Key facts
- The Japanese yen has fallen to its lowest level against the US dollar since 1986.
- Japan is the largest foreign holder of US Treasury bonds.
- Intervention to support the yen could involve selling US Treasurys, impacting the bond market.
- The yen's weakness is driven by the significant interest rate differential between the US and Japan.
- Japan's Finance Minister has indicated readiness to take action against excessive currency movements.
Japan's yen has fallen to its weakest level against the dollar in nearly 40 years, a development that could pose a challenge to the US bond market. As the largest foreign holder of US Treasurys, any intervention by Japanese authorities to support the yen might involve selling these holdings, potentially impacting the liquidity and stability of the world's largest bond market.
The yen was trading around 162.7 against the dollar early Wednesday, driven by the substantial gap between US and Japanese interest rates, which encourages the carry trade strategy. This strategy involves borrowing in yen and investing in higher-yielding dollar assets.
Despite the currency's slide, Japan's Finance Minister Satsuki Katayama stated on Tuesday that the country is prepared to take "appropriate action" against excessive currency moves. Analysts are questioning the effectiveness of intervention alone, especially while the interest rate differential persists. If Japan is compelled to support the yen over an extended period, it could lead to significant sales of US Treasurys, according to Nigel Green, CEO of deVere Group.

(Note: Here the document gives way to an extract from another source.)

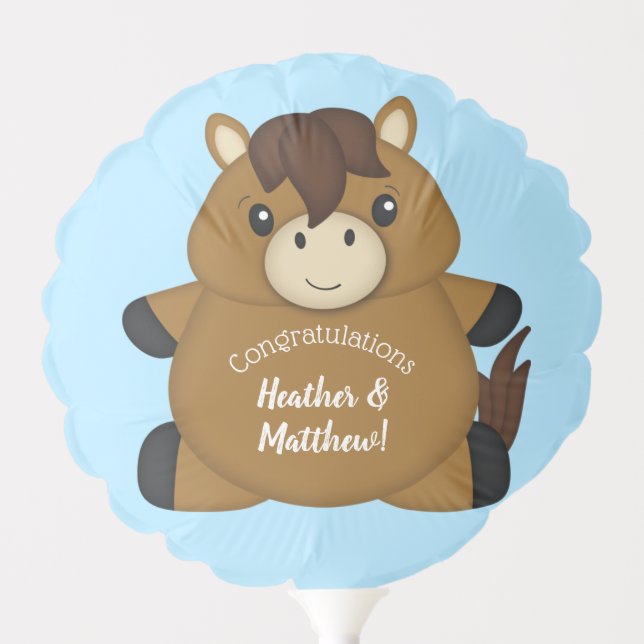 Horse Baby Shower Blue Balloon (Front)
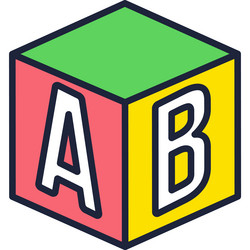 abc icon blocks cube toy letter isolated vector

ING's global head of markets, Chris Turner, noted that Japan's foreign reserve data showed a decrease of about $75 billion in foreign securities in May, likely reflecting sales of US Treasurys used in previous efforts to bolster the yen. The upcoming remarks from Federal Reserve Chair Kevin Warsh and the US jobs report could further influence the dollar, while the July 4 holiday might offer a quieter window for potential intervention.